You can use a regular C debugger and get usable debugging support. Berkeley UPC provides several mechanisms for attaching a regular C debugger to one or more of your UPC application's threads at various points during execution. While this does not provide a fully normal debugging environment (the debugger will show the C code emitted by our translator, rather than your UPC code), it can still allow you to see program stack traces and other important information. This can be very useful if you wish to submit a helpful bug report to us.

Note: if you have a main() function in your UPC code, it will have been renamed user_main() after being translated to C code, and so you will need to refer to user_main in the debugger (to set a breakpoint, etc.). This is a special case: your other function names and variables generally have the same name in the C output as in your UPC code.

How it works

Make sure to build your UPC application with 'upcc -g', to turn on debugging. You can then tell your UPC application to busy-wait at startup at one of three different entry points by passing a upcrun option or setting an environment variable. You can then attach a debugger to one or more of your UPC processes, and resume the program within the debugger. The following table describes the different startup points:

upcrun setting / environment variable Behavior To continue
upcrun -freeze[=<thread_id>]
-or-
UPC_FREEZE=<thread_id>
Setting this option will cause UPC thread thread_id to busy-wait at startup, right before user_main() is called.

All the UPC threads in your application are guaranteed to exist by this time. They will all print out their hostname and pid when the specified thread begins busy-waiting, then wait in a barrier for the specified thread to stop busy-waiting.
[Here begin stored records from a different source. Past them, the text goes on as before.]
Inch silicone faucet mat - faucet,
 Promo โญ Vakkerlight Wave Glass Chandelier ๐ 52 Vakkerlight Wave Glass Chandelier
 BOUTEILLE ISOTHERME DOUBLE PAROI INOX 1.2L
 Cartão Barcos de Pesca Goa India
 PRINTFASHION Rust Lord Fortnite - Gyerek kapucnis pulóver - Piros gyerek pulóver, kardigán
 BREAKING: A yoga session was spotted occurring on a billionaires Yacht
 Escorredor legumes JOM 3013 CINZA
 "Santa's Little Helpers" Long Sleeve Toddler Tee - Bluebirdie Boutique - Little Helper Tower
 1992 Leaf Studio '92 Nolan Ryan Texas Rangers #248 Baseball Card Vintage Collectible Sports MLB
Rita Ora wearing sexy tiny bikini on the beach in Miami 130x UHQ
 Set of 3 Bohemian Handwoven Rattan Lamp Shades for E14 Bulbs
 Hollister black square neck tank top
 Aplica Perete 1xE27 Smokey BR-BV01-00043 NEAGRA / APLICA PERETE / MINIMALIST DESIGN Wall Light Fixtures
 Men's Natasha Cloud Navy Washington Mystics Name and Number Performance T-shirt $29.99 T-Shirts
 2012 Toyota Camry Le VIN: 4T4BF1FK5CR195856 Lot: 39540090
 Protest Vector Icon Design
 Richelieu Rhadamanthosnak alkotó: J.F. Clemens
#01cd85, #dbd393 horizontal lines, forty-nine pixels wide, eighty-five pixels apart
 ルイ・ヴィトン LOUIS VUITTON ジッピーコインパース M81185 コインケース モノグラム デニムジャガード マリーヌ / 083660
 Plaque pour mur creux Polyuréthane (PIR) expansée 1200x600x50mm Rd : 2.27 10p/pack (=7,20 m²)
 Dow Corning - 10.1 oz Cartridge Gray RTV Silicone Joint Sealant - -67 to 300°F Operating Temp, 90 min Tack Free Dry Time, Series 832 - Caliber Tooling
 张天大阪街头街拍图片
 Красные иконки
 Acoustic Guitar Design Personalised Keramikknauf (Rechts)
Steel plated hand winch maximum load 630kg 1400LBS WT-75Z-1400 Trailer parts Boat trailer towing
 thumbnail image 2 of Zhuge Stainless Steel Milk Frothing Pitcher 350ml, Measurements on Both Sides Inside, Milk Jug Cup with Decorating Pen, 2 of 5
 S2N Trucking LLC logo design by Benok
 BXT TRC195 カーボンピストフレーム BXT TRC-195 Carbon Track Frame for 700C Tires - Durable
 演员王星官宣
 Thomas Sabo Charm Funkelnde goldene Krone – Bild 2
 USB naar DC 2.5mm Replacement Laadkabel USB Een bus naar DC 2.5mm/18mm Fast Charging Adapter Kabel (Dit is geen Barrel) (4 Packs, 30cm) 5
This allows you to attach a debugger to one or more of your UPC processes before continuing.

Once you have attached a debugger to the busy-waiting thread's process (and to any of the other UPC processes you are interested in debugging), set the 'bupc_frozen' variable in the busy-waiting process to 0 within your debugger. Resume the execution of the process, and all the UPC threads in the application will leave the barrier and enter user_main().
upcrun -freeze-early[=<node_id>]
-or-
UPC_FREEZE_EARLY=<node_id>
This is similar to the option above, but it occurs earlier in the runtime startup process. It is primarily of interest if you are trying to debug the runtime's initialization process.

Since the busy-wait/barrier occurs before any pthreads are launched, the node_id value passed must indicate a node number rather than a UPC thread number (if you did not compile your program with --pthreads, the node and UPC threads numbers are the same).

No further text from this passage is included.